A fully sheetmetal bed was created so the graphics could be applied inside and out.
Providing the rumble is a 383ci V-8 with dressed-up billet items.
While under the watchful care of The Wop Shop, the crew stripped down an '80 Chevy 350ci V-8 and gave it the once-over. After a bore increase and crank swap, the Bow Tie block was stroked to 383ci with 10:1 compression, a Comp Cams camshaft, and aluminum Dart heads. The engine roars to life, courtesy of four Kinetik batteries juicing an MSD distributor, MSD coil, and Taylor plug wires. That roar comes from 3-1/2-inch MagnaFlow mufflers and Hedman Headers. Dress-up items include Billet Specialties air cleaner, valve covers, and pulleys. A Turbo 400 tranny with a B&M shift kit keeps the shifts brisk and the '96 Impala rear end with a Summit 3.73 gear set spinning those huge rear wheels. Now that he was rollin' low and fast, Big James moved on to the body where he knew something drastic was in order.
Arriving at S&S Auto in Alvin, Texas, the 37-year-old sheetmetal was given a thorough massage. Gone for good are the door handles, driprails, hood cowl, tailgate, and taillights.

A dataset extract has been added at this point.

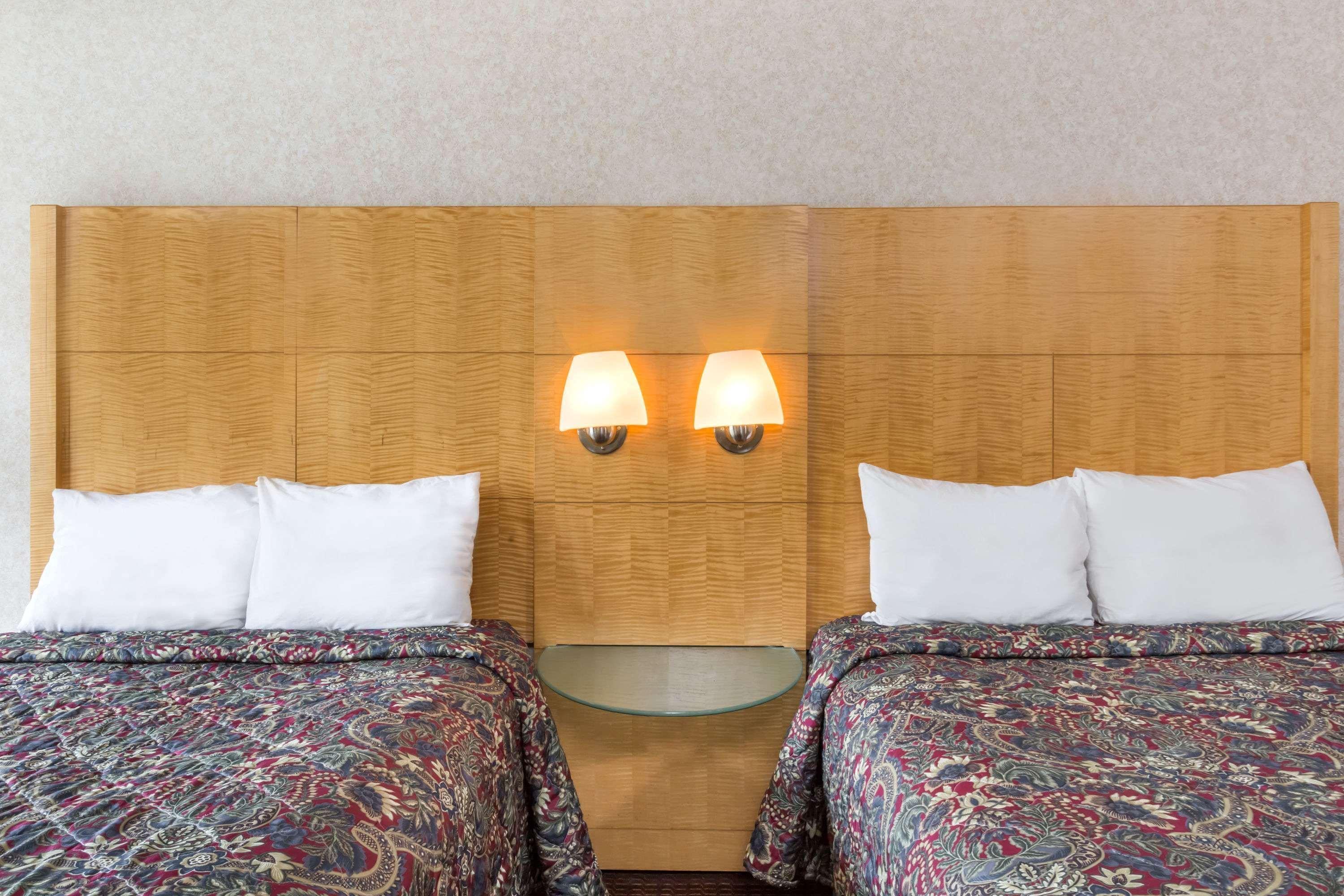 Days Inn By Wyndham Greensboro Airport Dış mekan fotoğraf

Up front, the crew at S&S added a roll pan and Carriage Works billet grille. Out back, a Grant Kustoms roll pan and tailgate skin were added, along with Precision Rods Rare LEDs flushed into the top of the cab. A full sheetmetal bed was fabricated, along with a tear-drop gas filler inside the bed walls. The doors were given the suicide treatment and the cab/body was cut 6 inches to bring the rockers on the ground, thanks to Daryl Smith's welder. S&S Auto then straightened the body out and applied the House of Kolor Black Diamond and antifreeze green to each panel. Pat Reed then stepped in and laid out the tribal graphics in sliver and red. Skulls were airbrushed into the red to give the four colors some real attitude. Now Big James had himself a looker, but he needed an insane interior to really make his cover truck stand out.

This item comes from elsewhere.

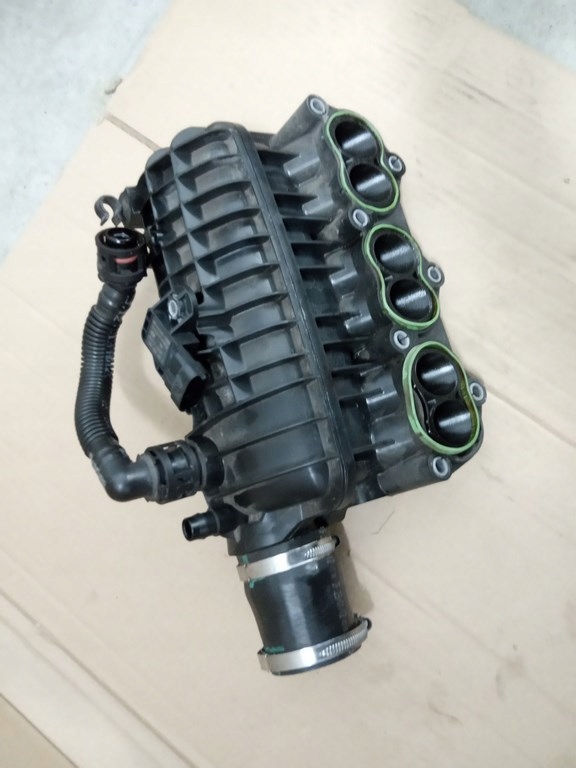 фото №8, Ford focus mk3 c-max 1.0 eco 12-18- коллектор всасывающий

Holding four JBL 10-inch subs, the back cab wall is truly wood- working at its finest.
Tin Shack Kustoms, in Alvin, Texas, was the one shop where Big James felt comfortable and confident that his interior would be insane. Right off the bat, Mike Henderson the owner of Tin Shack removed everything-and we mean everything-from the interior and started with a bare cab shell. Up first, the '71 was converted to right hand drive, via a Borgeson & Mullins RHD steering box. Mike then installed a Billet Specialties polished steering column and capped with a Colorado Custom flame steering wheel. With the steering location figured out, Mike went wood-working crazy by creating a dash, piece-by-piece out of wood, reinforcing it with foam, and finishing the layout with fiberglass. The huge one-piece dash was modeled after the early '60's dash design. It features custom gauge housings for the Auto Meter gauges and was airbrushed by Pat Reed. Mike continued the custom interior by creating a large one-piece seat/sub enclosure/back wall in the truck. The seats were literally built into the back wall. The sub enclosure was built like the dash, out of wood and fiberglass, and houses the four JBL 10-inch subs. Custom kick panels were created and house the 6-1/2-inch JBL components. The system is powered by two JBL 1000.1 amps and two JBL 600.1 amps mounted in the fiberglass headliner. An Alpine IDA-X001 head unit sends the signals, thanks to Scosche wires and cables. Graphite leather was applied to the seats, thanks to Robbie's Customs, which is also in Alvin. Big James has himself a wild ride. This truck means business when it pulls up to any show across the country. James was quick to thank his sponsors and his family who supported him throughout the build. Now that the truck is done, isn't it 5 o'clock somewhere?